We can now use these metadata to exclude questionable data (or try to fix it). For example, we’ll certainly want to exclude coordinates that are non-numeric or impossible! Depending on our purposes, we may also want to exclude coordinates that correspond to centroids or those that fall into the ocean.

Additional information about the GVS

In addition to the coordinate resolution, the GVS offers metadata responses describing current code and database versions, and formatted citations. For a quick overview, you can use the function GVS_metadata.

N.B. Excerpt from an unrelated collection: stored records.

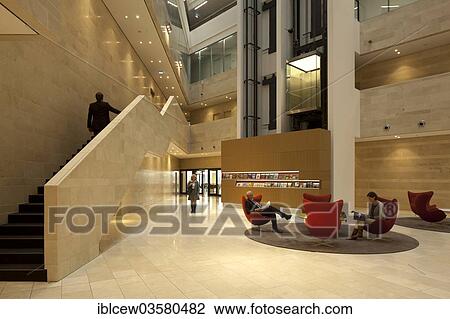 Stock Image - "Spiegel Publishing House building on Ericusspitze, interior, HafenCity, Hamburg, Hamburg, Germany, Europe". Fotosearch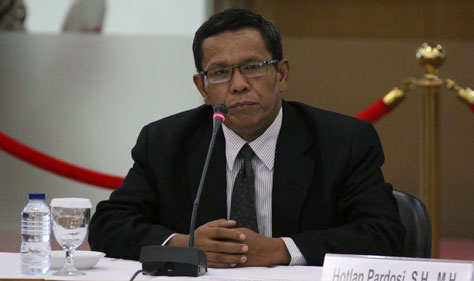Calon Hakim ad hoc PHI di MA Hotlan Pardosi: Ada hak Para Pihak, Salinan Putusan Jangan Terlambat Diterima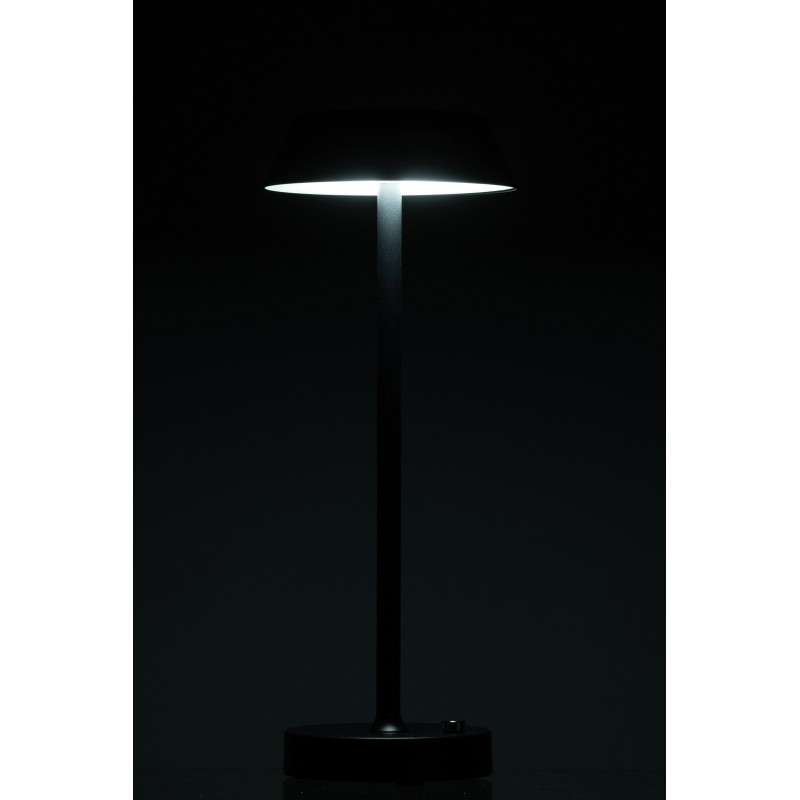 Lampe à poser sans fil moderne chic Hauteur 31 cm en Métal Noir Noé - 4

If you use the GVS in a publication and need to cite it, proper attribution information is available with GVS_citations.

cites <- GVS_citations()

# The citation column provides Bibtex format citations that can be pasten into a reference manager (e.g., EndNote, PaperPile, Zotero)

cites$citation
## [1] "@misc{gvs, author = {Boyle, B. L. and Maitner, B. and Park, D. S. and Rethvick, S. Y. B. and Enquist, B. J.}, journal = {Botanical Information and Ecology Network}, title = {Geocoordinate Validation Service}, year = 2024, url = {https://gvs.biendata.org/}} "
## [2] "@misc{gadm, author= {{University of California, Berkeley, Museum of Vertebrate Zoology}}, title = {Global Administrative Areas}, url = {https://gadm.org/}, note = {Accessed May 6, 2022}}"